This image is the cover for the book Mutations

Mutations

"Jorge Comensal's The Mutations oscillates masterfully between comedy and tragedy, gathering up in its pages a stupendous panoply of characters before whom the reader is never sure whether to smile in sympathy or pity."—Fernando Aramburu, author of Homeland

Ramón Martinez is a militant atheist, successful lawyer, and conventional family man. But all of that changes when cancer of the tongue deprives him of the source of his power and livelihood: speech.

The Mutations, by Jorge Comensal, is a comedy tracing the metastasis of Ramón’s cancer through his body and in the lives of his family members, colleagues, and doctors, dissecting the experience of illness and mapping the relationships both strengthened and frayed by its wake. Mateo and Paulina, his teenage children, struggle with the temptations of masturbation and binge eating, respectively. Ramón’s melancholic oncologist is haunted by the memory of a young patient whom he was unable to save. His selfish pathologist believes Ramón’s tumor holds the key to a major scientific breakthrough. And then there’s Elodia, Ramón’s pious maid, who brings him a foulmouthed parrot as a birthday gift. This lewd bird becomes Ramón’s companion, confidant, and unlikely double.

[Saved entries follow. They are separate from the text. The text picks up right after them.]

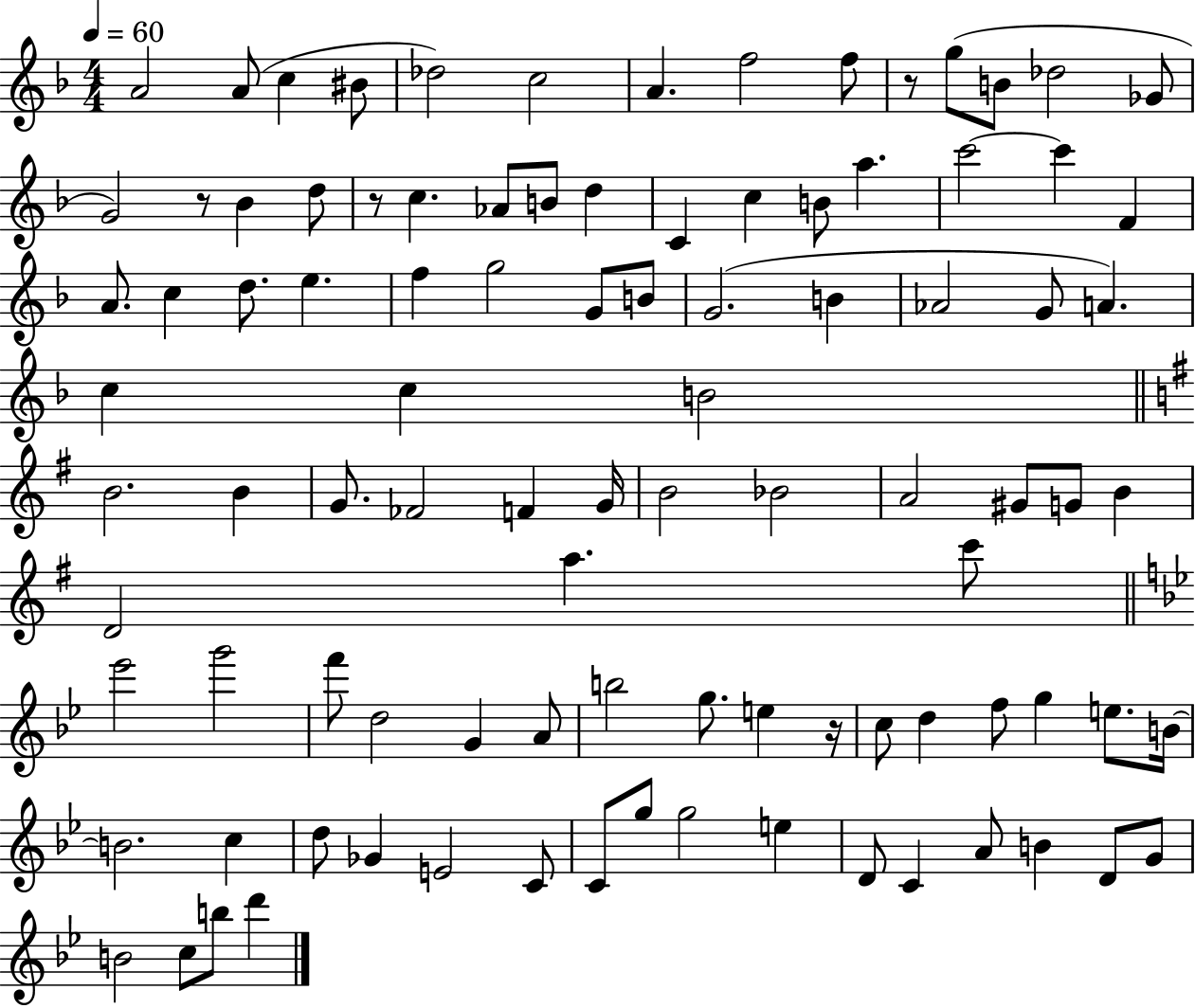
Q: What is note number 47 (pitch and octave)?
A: FES4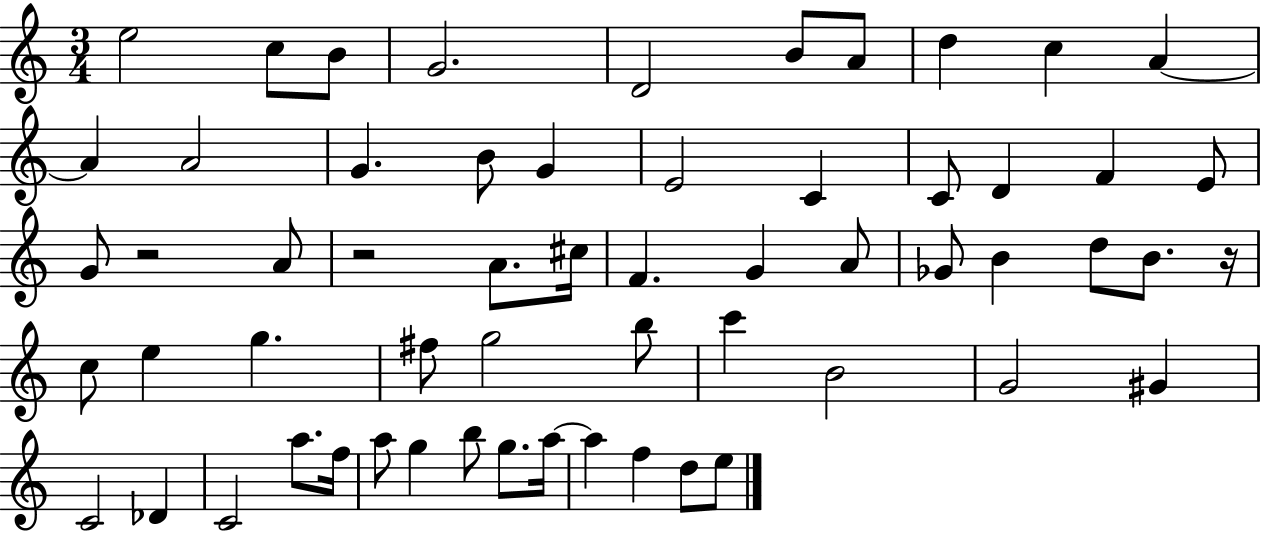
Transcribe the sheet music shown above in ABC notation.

X:1
T:Untitled
M:3/4
L:1/4
K:C
e2 c/2 B/2 G2 D2 B/2 A/2 d c A A A2 G B/2 G E2 C C/2 D F E/2 G/2 z2 A/2 z2 A/2 ^c/4 F G A/2 _G/2 B d/2 B/2 z/4 c/2 e g ^f/2 g2 b/2 c' B2 G2 ^G C2 _D C2 a/2 f/4 a/2 g b/2 g/2 a/4 a f d/2 e/2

Paying homage to the works of forebears such as Sontag, Didion, Flaubert, and Tolstoy, and filled with a rough-hewn poetry of regret, rage, and finally resignation, The Mutations offers a profound but funny cross section of modern Mexican life, as well as a bold treatment of an unspeakable yet universal reality

Jorge Comensal

Jorge Comensal was born in Mexico City in 1987. He has received grants from the Fundación para las Letras Mexicanas and the Fondo Nacional para la Cultura y las Artes. His work has appeared in The Paris Review, Nexos, Revista de la Universidad de México, VICE, and The Literary Review. He is part of the Environmental Board of Este País. His essay "Yonquis de las letras" was published in Spain in 2017. The Mutations is his first novel.

Charlotte Whittle is a writer and translator. Her work has appeared in The Literary Review, Guernica, BOMB, the Los Angeles Times, and elsewhere. Her translation of Norah Lange’s People in the Room was published in 2018. She lives in New York and is an editor at Cardboard House Press.